▶ **WORK TASK**: Each entry should be given again exactly, with any image left out.

▶ **Scraped caption text data**:
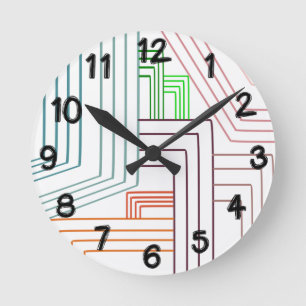 Art Deco Lines  Round Clock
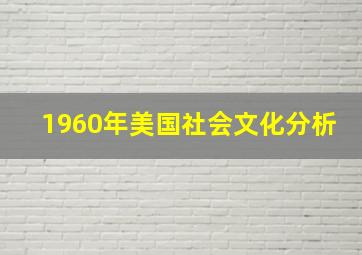 1960年美国社会文化分析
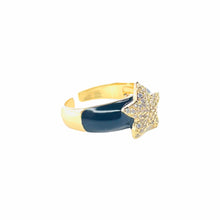 Load image into Gallery viewer, Side View - Black candy star ring. Lucky Birds- The Valerie Collection. 
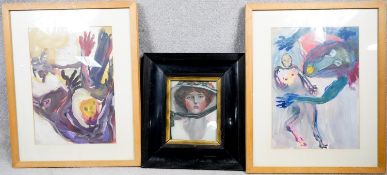 A pair of expressionist figural studies, acrylic on paper, and a framed oil on board, female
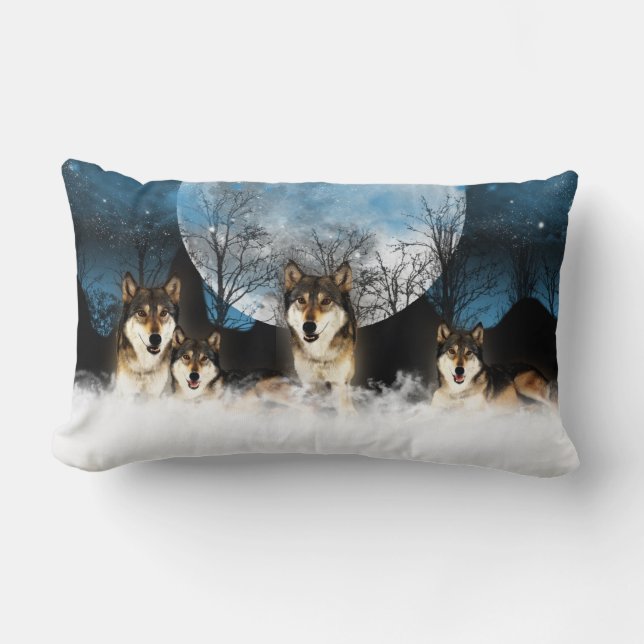Indian Style Wolf Pillow (Front)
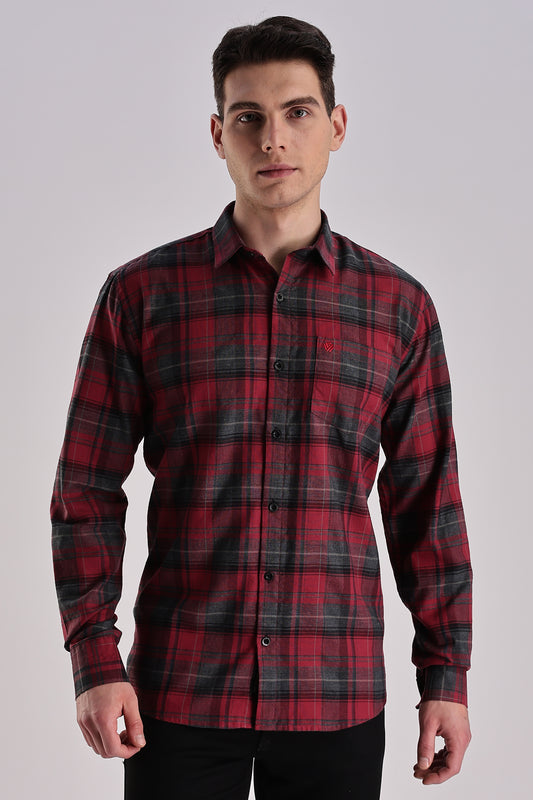 Men’s Brushed Plaid Long-Sleeve Shirt – Red & Charcoal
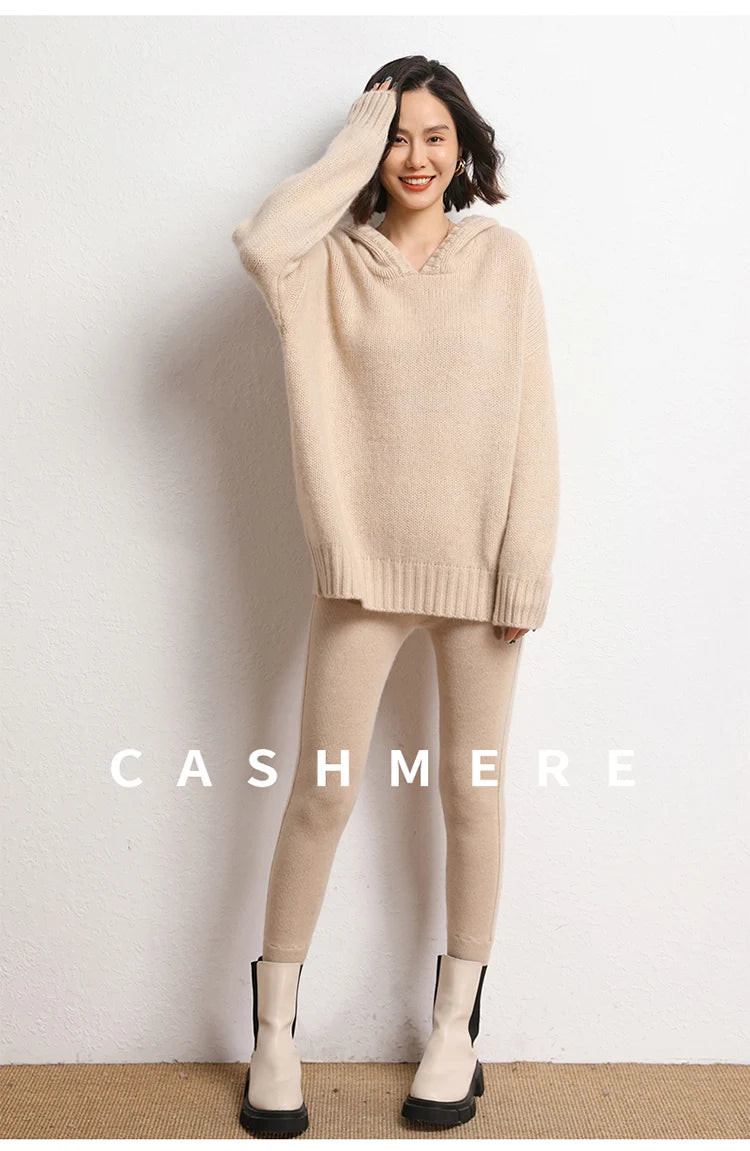 High Quality Women 100% Cashmere Legging Basic Soft elastic Pants Autumn Winter Cashmere Knitted Legging Trousers Warm Comfy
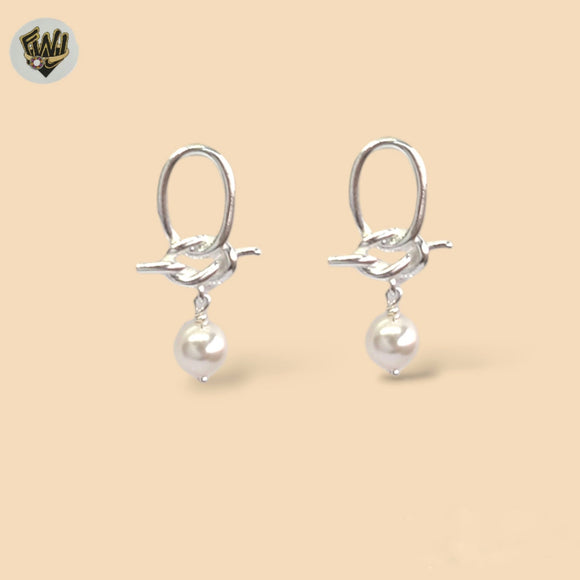 (2-3436) 925 Sterling Silver - Pearl Stud Earrings.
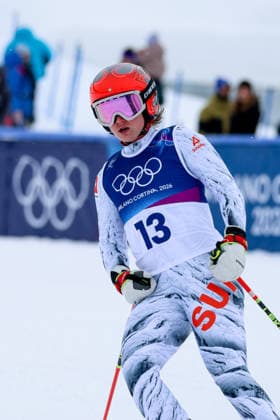 Livigno, Italien 20. Februar 2026: Ski Freestyle Ski Cross Frauen - Olympia 2026 Im Bild: Sixtine Cousin (SUI) Snow Park *** Livigno, Italy February 20, 2026 Ski Freestyle Ski Cross Women Olympia 2026 In the picture Sixtine Cousin SUI Snow Park Copyright: xFotostandx xHettichx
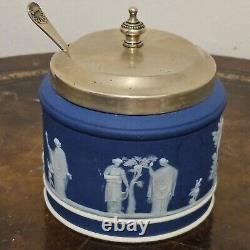 Poterie ancienne Wedgwood bleu foncé Jasperware sucrier pot à confiture avec couvercle et cuillère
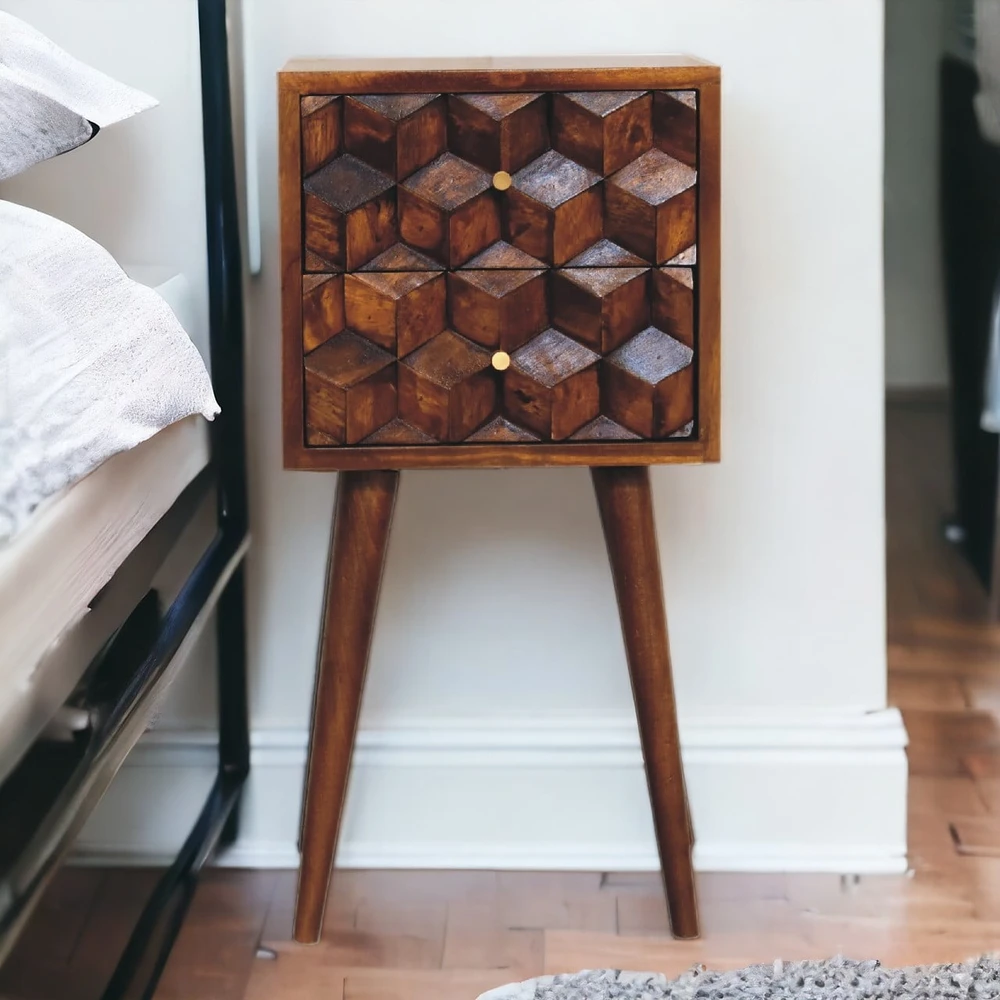 Artisan Furniture Riešutmedžio Mini naktinis staliukas su 2 stalčiais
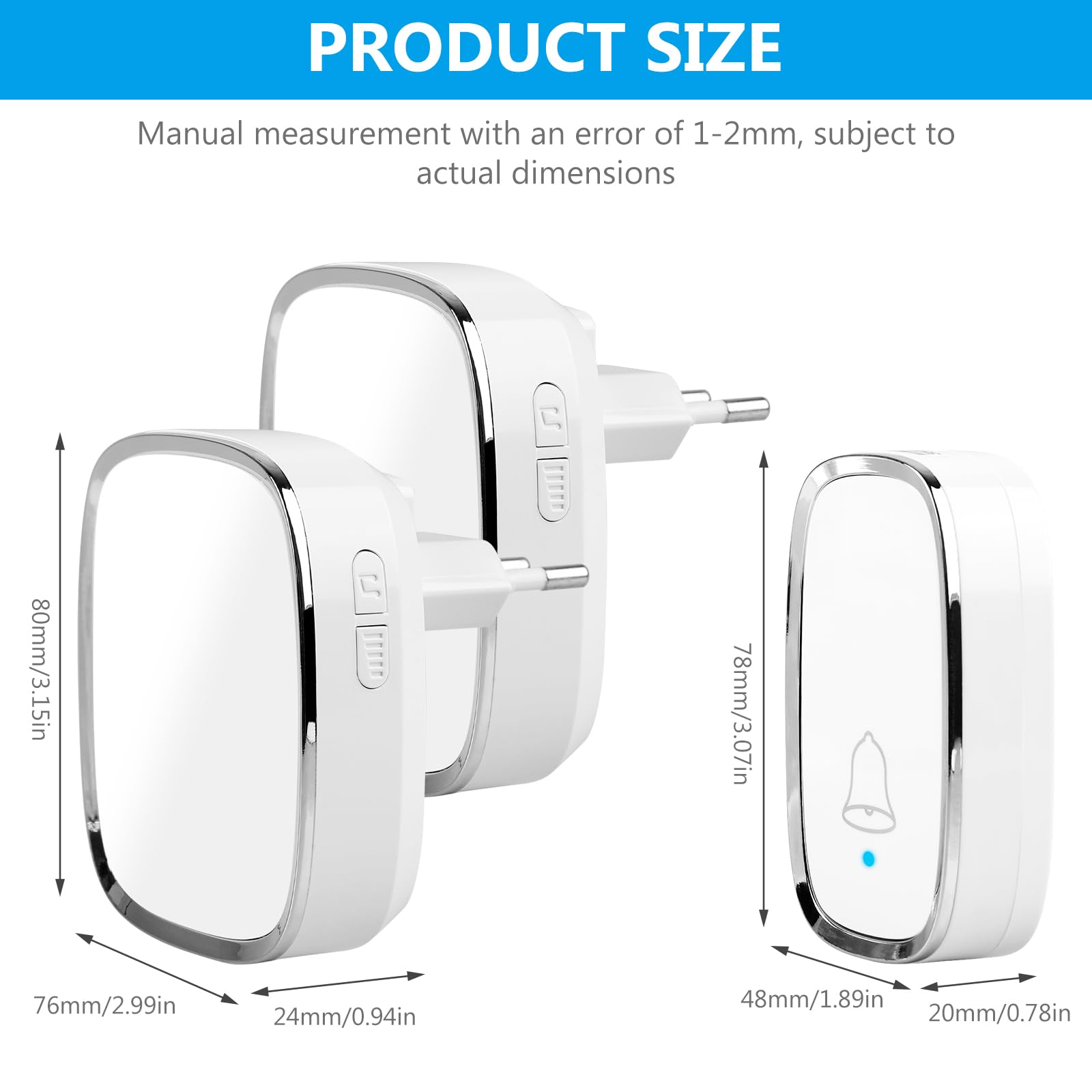 Timbre Inalámbrico Exterior Impermeable Casa: Timbre Inalámbrico Interior, Timbre Puerta, 1 Transmisor y 2 Receptores, Doorbell con Indicador LED, 58 Melodías, 5 Volumen, Alcance a 300m, Blanco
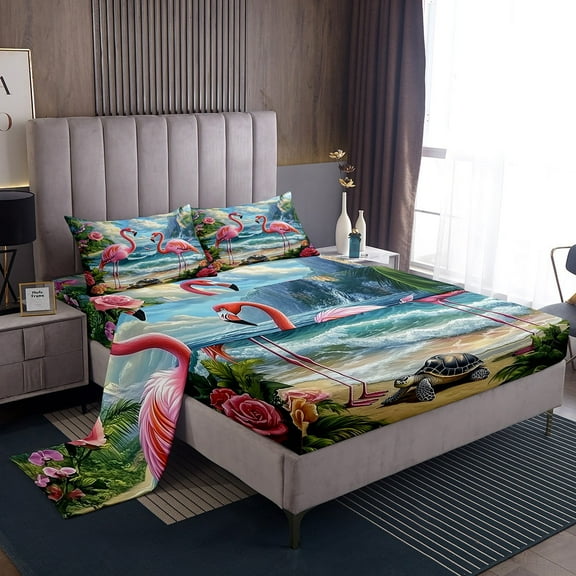 Erosebridal Girly Pink Axolotl Full Sheet Sets, Underwater World Bedding Full Size, Cartoon Animal Decor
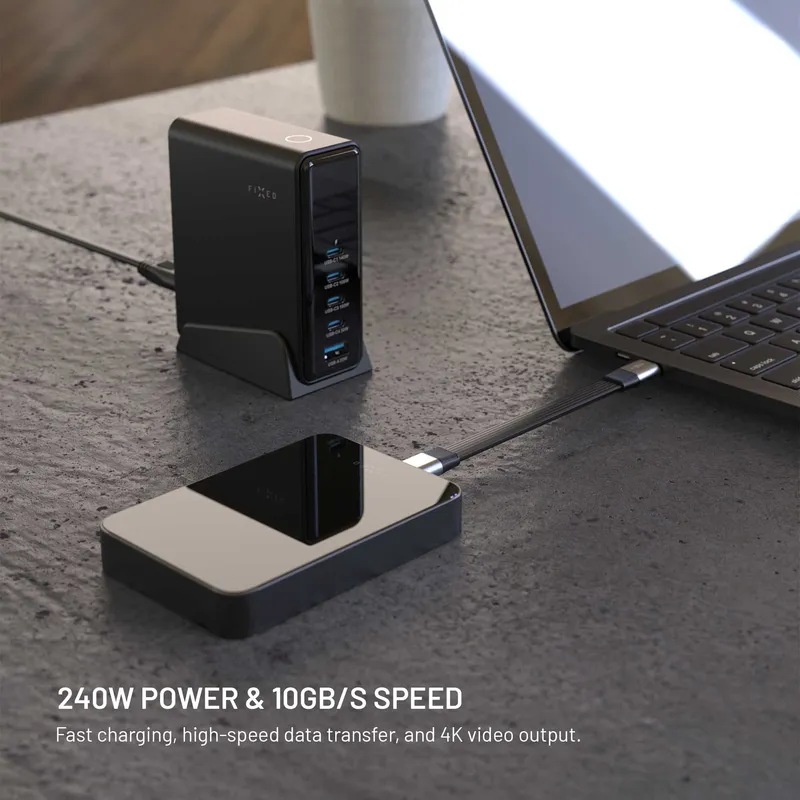 FIXED Clip USB 3.2 Gen2 240W USB-C/C 10Gpbs kabel Svart - 8019456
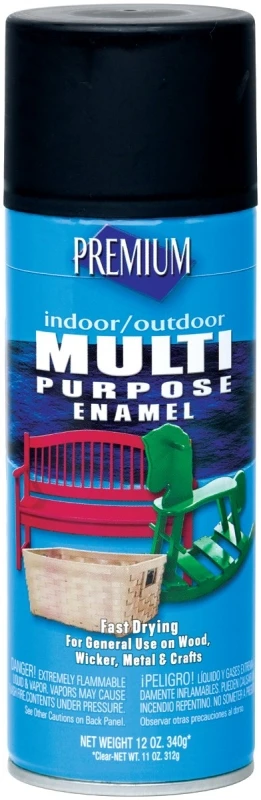 Multi-purpose Flat Black Spray Paint, 12 Ounce Aerosol Can, Model Mp1003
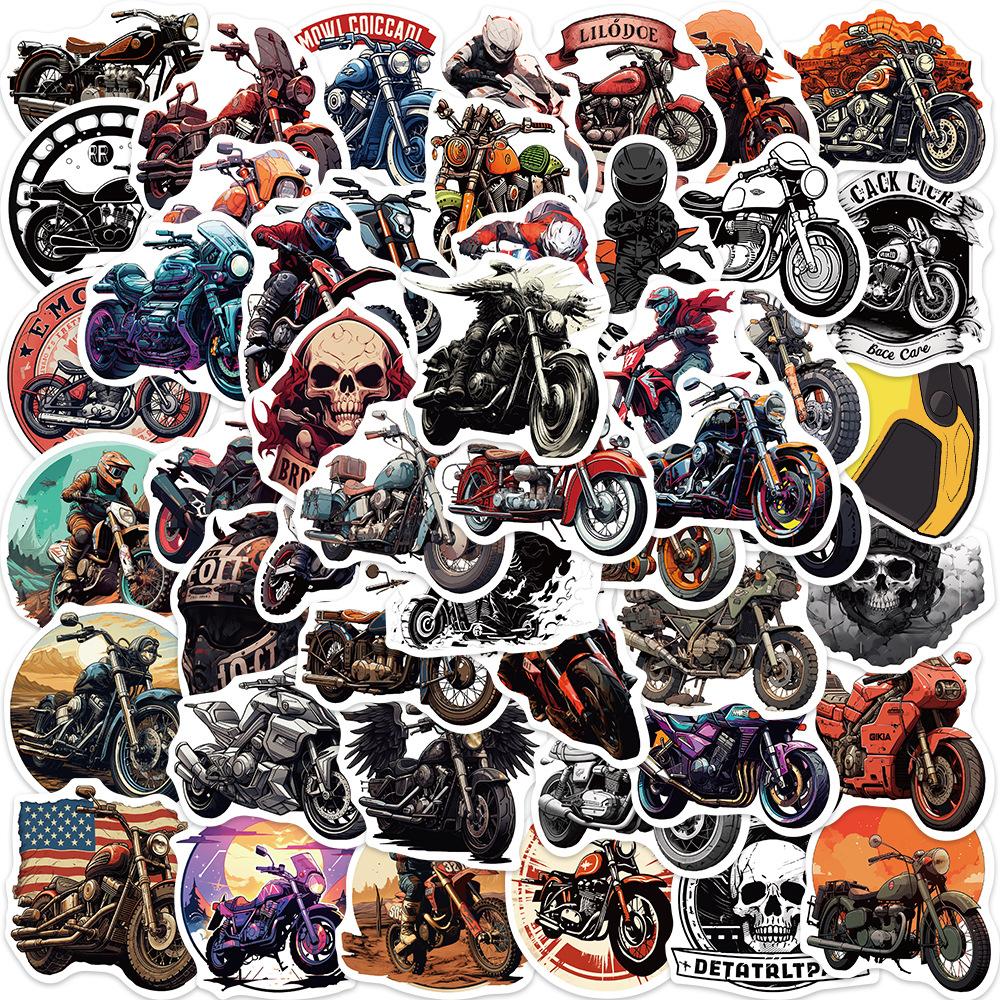 50 Cartoon Motorcycle Doodle Stickers Personalized Decorative Guitar Notebook Suitcase DIY Waterproof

▶ **RESULT**:
 Art Deco Lines  Round Clock
 1960年美国社会文化分析
 Load image into Gallery viewer, Side View - Black candy star ring. Lucky Birds- The Valerie Collection. 
 A pair of expressionist figural studies, acrylic on paper, and a framed oil on board, female
Indian Style Wolf Pillow (Front)
 Men’s Brushed Plaid Long-Sleeve Shirt – Red & Charcoal
 High Quality Women 100% Cashmere Legging Basic Soft elastic Pants Autumn Winter Cashmere Knitted Legging Trousers Warm Comfy
 (2-3436) 925 Sterling Silver - Pearl Stud Earrings.
 Livigno, Italien 20. Februar 2026: Ski Freestyle Ski Cross Frauen - Olympia 2026 Im Bild: Sixtine Cousin (SUI) Snow Park *** Livigno, Italy February 20, 2026 Ski Freestyle Ski Cross Women Olympia 2026 In the picture Sixtine Cousin SUI Snow Park Copyright: xFotostandx xHettichx
 Poterie ancienne Wedgwood bleu foncé Jasperware sucrier pot à confiture avec couvercle et cuillère
 Artisan Furniture Riešutmedžio Mini naktinis staliukas su 2 stalčiais
 Timbre Inalámbrico Exterior Impermeable Casa: Timbre Inalámbrico Interior, Timbre Puerta, 1 Transmisor y 2 Receptores, Doorbell con Indicador LED, 58 Melodías, 5 Volumen, Alcance a 300m, Blanco
 Erosebridal Girly Pink Axolotl Full Sheet Sets, Underwater World Bedding Full Size, Cartoon Animal Decor
 FIXED Clip USB 3.2 Gen2 240W USB-C/C 10Gpbs kabel Svart - 8019456
 Multi-purpose Flat Black Spray Paint, 12 Ounce Aerosol Can, Model Mp1003
 50 Cartoon Motorcycle Doodle Stickers Personalized Decorative Guitar Notebook Suitcase DIY Waterproof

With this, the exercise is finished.